Information given:
== Segment start ==
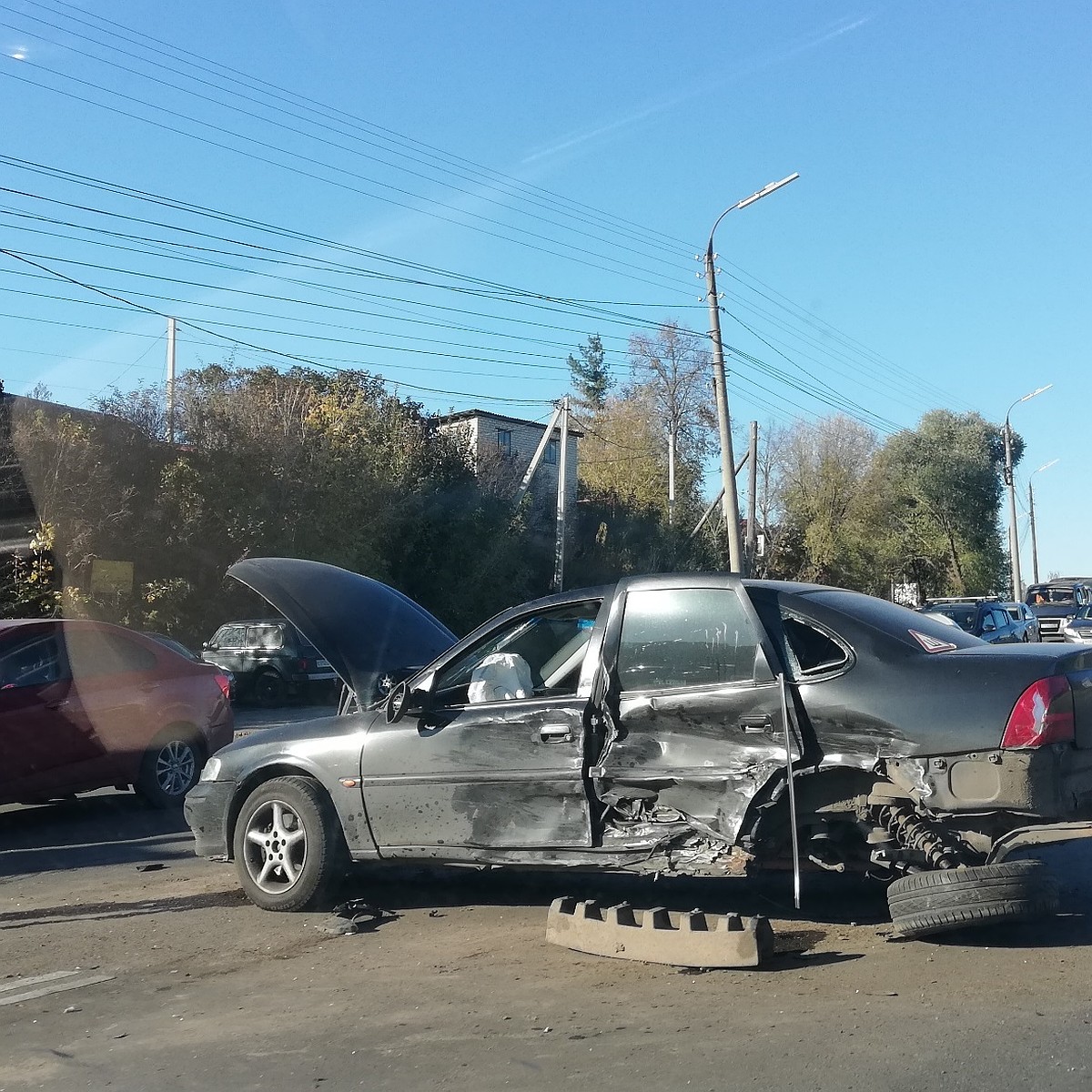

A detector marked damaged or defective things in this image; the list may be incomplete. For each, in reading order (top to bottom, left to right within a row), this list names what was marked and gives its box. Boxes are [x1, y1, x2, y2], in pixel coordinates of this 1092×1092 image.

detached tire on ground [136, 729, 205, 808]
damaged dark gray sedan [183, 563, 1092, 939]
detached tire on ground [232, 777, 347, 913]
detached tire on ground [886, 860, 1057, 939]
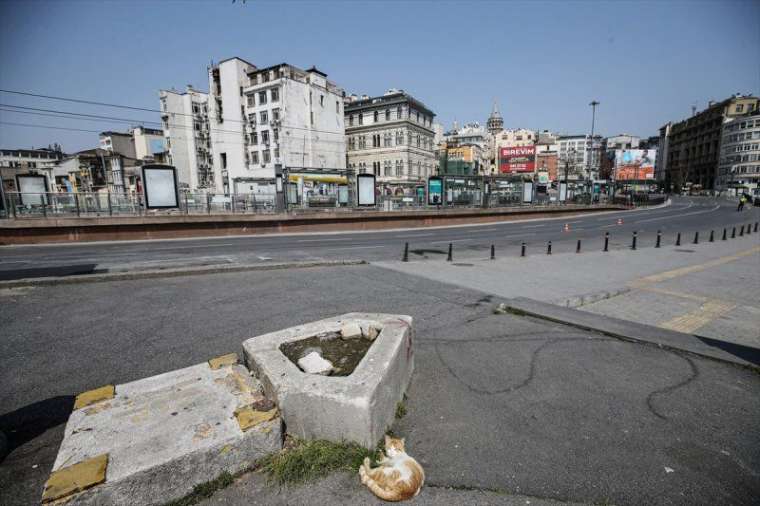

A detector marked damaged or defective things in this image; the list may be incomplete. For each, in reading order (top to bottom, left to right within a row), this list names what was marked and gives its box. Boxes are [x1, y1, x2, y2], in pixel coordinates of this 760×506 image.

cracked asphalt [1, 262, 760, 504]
== Segment end ==
What to work on:
Please print the listing above again word for word, without its pictures.

Solution:
A detector marked damaged or defective things in this image; the list may be incomplete. For each, in reading order (top to bottom, left to right within a row), this list names what was marked and gives its box. Boxes are [x1, y1, x2, y2], in pixel coordinates of this 1092×1092 image.

detached tire on ground [136, 729, 205, 808]
damaged dark gray sedan [183, 563, 1092, 939]
detached tire on ground [232, 777, 347, 913]
detached tire on ground [886, 860, 1057, 939]

A detector marked damaged or defective things in this image; the list may be incomplete. For each, in reading order (top to bottom, left to right within a row), this list names what was marked and gives its box. Boxes are [x1, y1, x2, y2], in pixel coordinates of this 760×506 image.

cracked asphalt [1, 262, 760, 504]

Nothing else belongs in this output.